Attached is a listing of events taking place at St. Margaret School in Lowell during Catholic Schools Week. I urge you to go to at least one of these activities.

Tours: Call St. Margaret School at 486 Stevens Street (Telephone 978-453-8491) for information on the school. FAX at 978-453-1358. The Extended Day Program is at 978-458-7870.

On-line Address is

Sister Lori Fleming, SND is the Principal and would be happy to speak with you.

The School Motto is, « It is good for us to be here. »

The theme for National Catholic Schools Week 2014 is… »Catholic Schools: Communities of Faith, Knowledge, and Service. » According the National Catholic Educational Association (NCEA) President Karen Ristau says, « Faith, knowledge and service are three measures by which any Catholic school can and shoud be judged. »

The new logo features a swirl of colors interacting around a cross, which is at the center of all Catholic education.

St. Margaret School plans a BINGO for Books on Tuesday, January 28, 2014 at John J. Nangle Hall at St. Margaret School. Doors open at 5:30PM for pizza. Bingo games run from 6PM to 7:30PM. Tickets for BINGO for Books may be reserved by calling Danielle Caron at 978-453-8491 ext. 13 during regular school hours. Tickets are 5.00 dollars per person.

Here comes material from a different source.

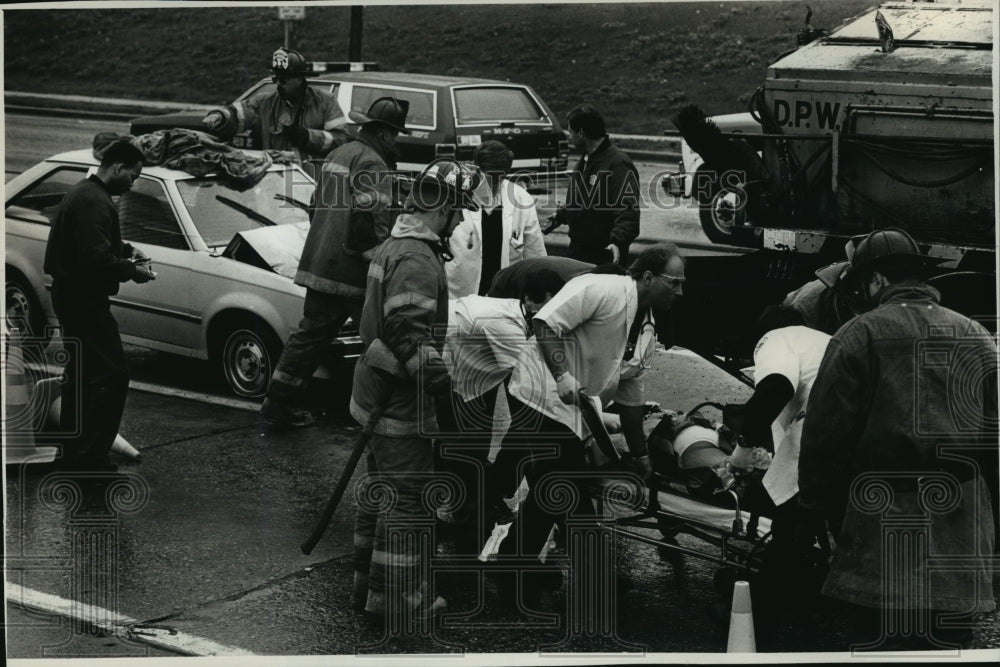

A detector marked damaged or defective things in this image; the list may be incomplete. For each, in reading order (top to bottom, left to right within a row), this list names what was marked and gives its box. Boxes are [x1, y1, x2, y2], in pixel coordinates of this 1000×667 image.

damaged car [4, 150, 360, 396]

Parent/Adult Night – A Night for Dance
Takes place on Thursday, January 30, 2014 at John J. Nangle Hall at St Margaret School. Enjoy the sounds of the Big Band as you learn the basic steps. Doors open at 6PM. Register by calling the Development Office at St. Margaret School at 978-453-8491. Registration Fee: Just $2.00 per person.

Thinking about Catholic Schools

There sometimes seems to me to be a connection between the student of a Catholic School, and the Marines. Both veterans of these institutions take an inordinate pride in their experiences, both have « Drill Sergeants » or at least the Catholic School alumnae believe that their experiences are the equivalent of that taking place on Paris Island. What no one seems to be able to do, is explain what it is about Catholic Schools that works.

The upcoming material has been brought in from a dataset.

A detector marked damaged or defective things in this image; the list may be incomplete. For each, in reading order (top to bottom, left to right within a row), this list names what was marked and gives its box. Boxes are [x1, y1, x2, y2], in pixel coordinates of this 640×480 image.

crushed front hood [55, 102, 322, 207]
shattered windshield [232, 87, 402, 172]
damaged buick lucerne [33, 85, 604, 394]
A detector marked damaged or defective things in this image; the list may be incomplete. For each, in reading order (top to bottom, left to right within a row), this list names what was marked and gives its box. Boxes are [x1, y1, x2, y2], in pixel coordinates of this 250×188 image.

How do we know it works? Those of us who went to Catholic Schools, and I was one of them, learned. We read. We did Mathematics. We did those interminable English grammar diagrams that kept going and going until our sanity was gone. We were given computer training but in my case, that was typing. We learned to be responsible and respectful. There was a bit of fear in my experience in a Catholic School. The nun’s work ethic and commitment to excellence, meant that, if you wanted them to like you, you had to have a work ethic too, you had to do your homework neatly and you had to respect them.

It was not easy to understand a woman who gave up having children to having God in their daily lives. Today, most teachers in the Catholic schools are our neighbors, not nuns. But, they have God in their daily lives and that makes for a more complete experience. God was not easy to understand, and as often as I tried, I never got to morning Mass on time. They do not have morning Mass anymore. There are not enough priests. Besides, I was too busy living my life to worry about another one. I spent the better part of the 5th. and all of the 6th. grade at a Catholic school. I did learn those things mentioned before, but I also learned respect. That has done me well throughout my life. I know that you do not do something to someone that you would not want to have done to yourself.

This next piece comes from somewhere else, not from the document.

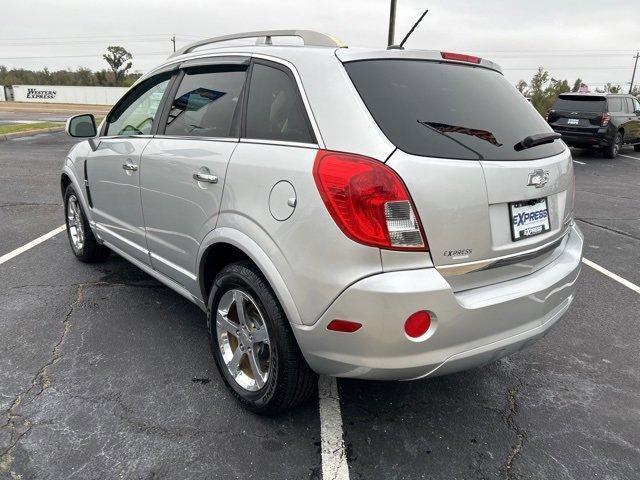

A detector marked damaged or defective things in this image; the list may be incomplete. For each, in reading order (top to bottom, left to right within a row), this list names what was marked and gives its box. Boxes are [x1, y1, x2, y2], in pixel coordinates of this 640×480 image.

pavement crack [502, 378, 528, 480]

So, what is the co-relation between the Marines and a Catholic school child? There really isn’t one. Except that we children, taught in a Catholic school, were responsible for ourselves. What is the beauty of a Catholic school? Nowhere in my many years of attending school have I seen individual teachers work harder than in the Catholic schools that I attended or taught at, and I have extensive experience in both public and Catholic schools. I grew up as the Superintendent’s son. That was not true in a Catholic school. They did not care who my father was or what he did for a job.

I loved the freedom of Catholic schools, as a student and as a teacher. I loved my father, but having his employees as your teachers everyday really did you in sometimes. They told me I could not learn history, but I loved the subject ever since I was introduced to it as a 6th. grader. That was in my Catholic school. They told me that I was too compulsive and outspoken. But my nun in the Catholic school never even hinted at such a weakness. I thoroughly enjoyed my time as a Catholic school student. When I could, as a principal of a Catholic school, I transfered my son into the school and he blossomed, despite the fact that he would not know a nun as a teacher. I believed that there was goodness in all of my teachers, laiety and religious. By the 6th. grade my white and black Habited nun passed me with flying colors and I was prepared to study in junior high school. Catholic schools taught me to think.

Given the option, I would rather have continued teaching in Catholic schools. I got paid twice as much to teach in public schools and I had a young family. Why do I prefer the other? Largely because of the respect you are taught. And, I never thought that I would become a priest but I enjoyed being able to pray during school time.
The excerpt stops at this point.